Since the ’70s, the food economy here has been largely a local one. Backyards produce enough for the family’s own consumption and more: they sell the excess to the local Pho restaurants and food markets. Without stringent regulations or organic certifications, the Saturday open-air farmers market still welcomes all comers. It looks and acts like a Vietnamese marketplace.
The Minh Canh grocery store off Alcee Fortier Street too could be transplanted straight from Vietnam. I can’t recognize most of the items. Fresh produce — mainly greens –- sit in boxes scattered about. There’s a buzz in here, the type of movement and noise that seems both chaotic and comfortable.
Here’s a short video we shot in the store:
After walking through some backyards overflowing with greens, potatoes, and fruits, and then eating the produce at the nearby Pho restaurant, Dong Phuong, and seeing it sold at Minh Canh, I have to say: This place feels like the model for sustainable local food — although no one here calls it that. It’s just what they do. There’s soil and there’s sun and there’s water. Why wouldn’t you grow food there?
On our final afternoon, we meet with Father Luke Nguyen. He’s an assistant to Father Nguyen (who is traveling in Vietnam), the charismatic leader of the church and community who’s credited with many of the progressive ideas coming from this community. Father Luke is an energetic man in his own right. He takes time out from his priestly duties to show us gardens and introduce us to residents. In each home we visit, we are offered cold water and sodas and invited to sit in the large, open, spotlessly clean living room with shiny, white-tiled floors and portraits of family members on the walls.
I ask Father Luke if the gardening will survive this generation of elderly. Are flat-screen TVs and fast food — the dark side of the American Dream — going to bulldoze the native knowledge and amputate the green thumbs?
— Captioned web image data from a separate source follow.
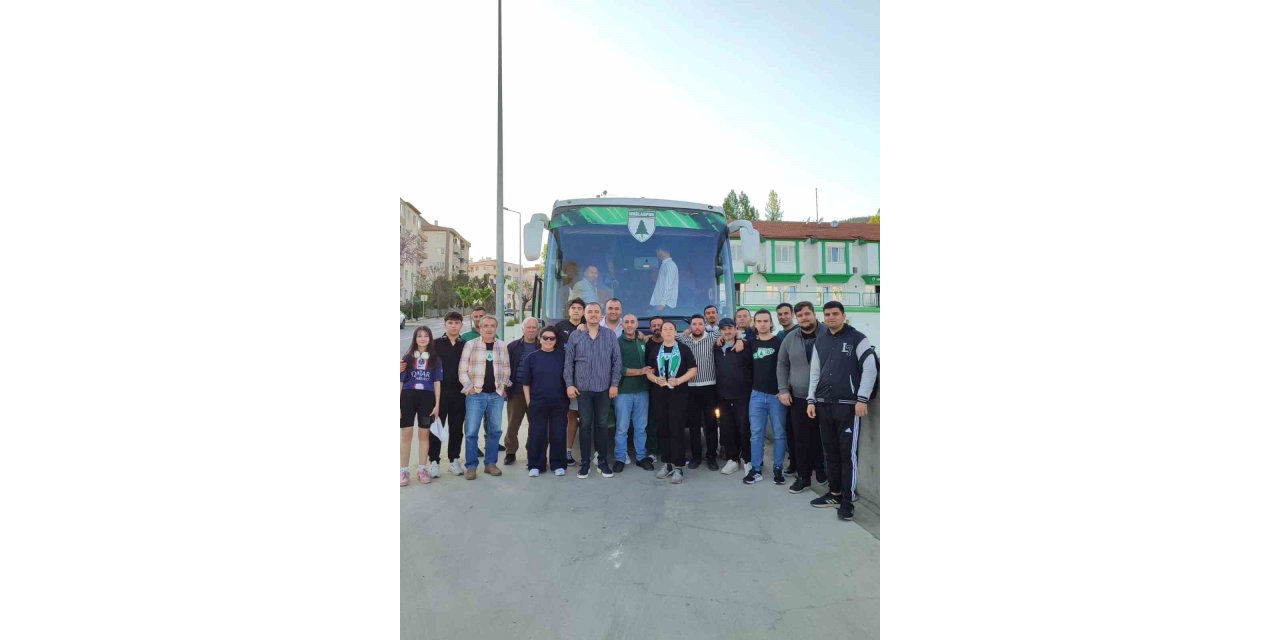 Muğlaspor’da Play-Off heyecanı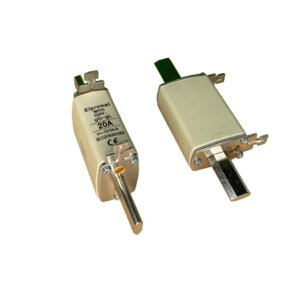 Bezpiecznik mocy NH1C 20A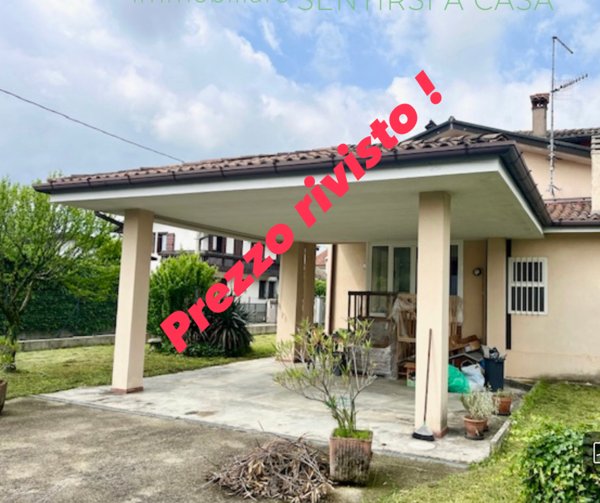 casa indipendente in vendita ad Udine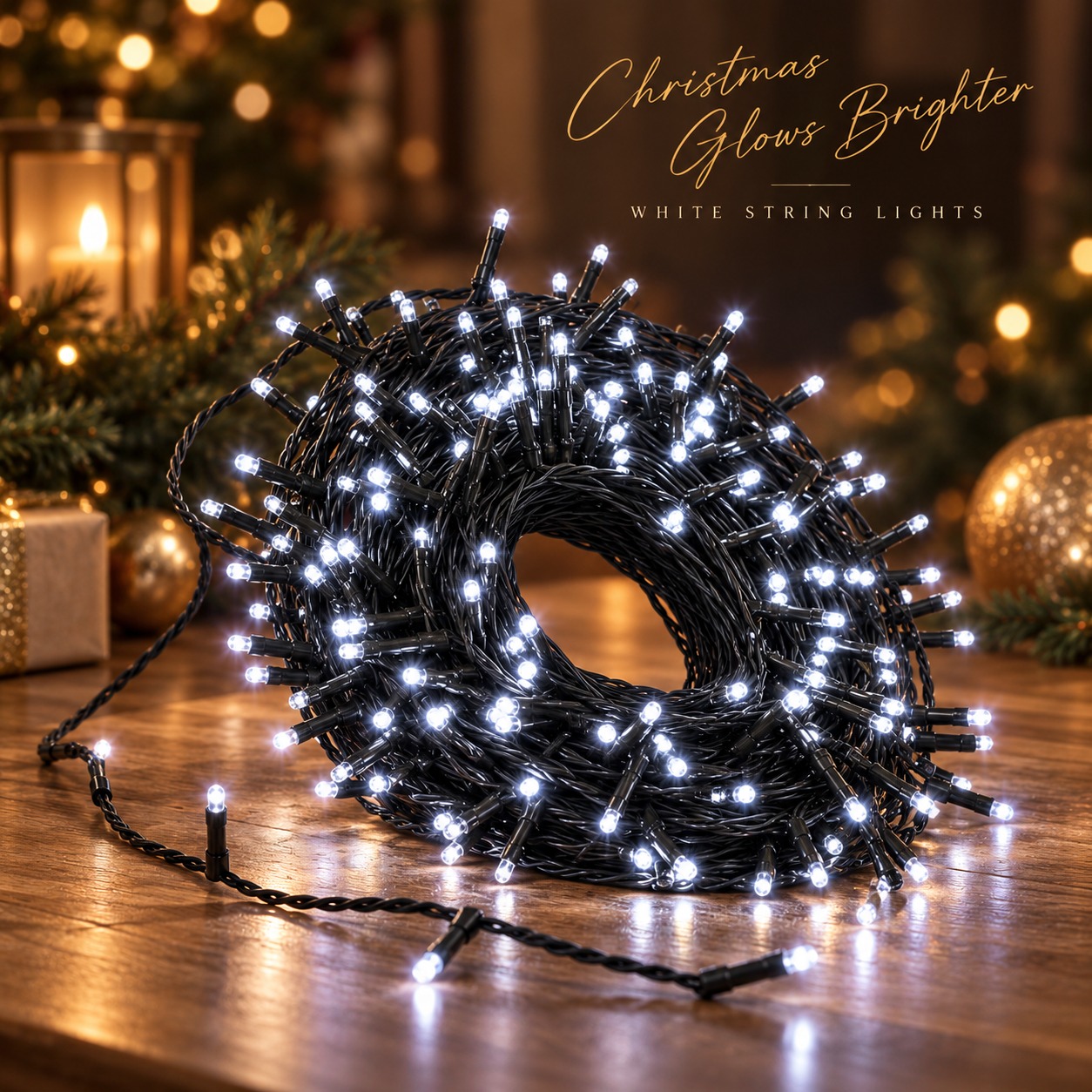 180 LED String Light - Roy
He doesn’t see it that way. It’s not just this elderly generation that wants to farm and enjoys being outside gardening and raising food. It’s just the elders. Period. There will always be elders. Other retirees in our culture pass the time playing bridge, tennis, golf, or volunteering at parks, etc. In the Vietnamese community, the elderly and retired stay busy growing food.
This turns all my notions of continuity and sustainability on their head. In Village de l’Est, they encourage the young’uns to be professionals, to work and raise their families. When they’ve retired, then they can dig in, connect with their heritage, and grow food.
Maybe this is a model we can learn from.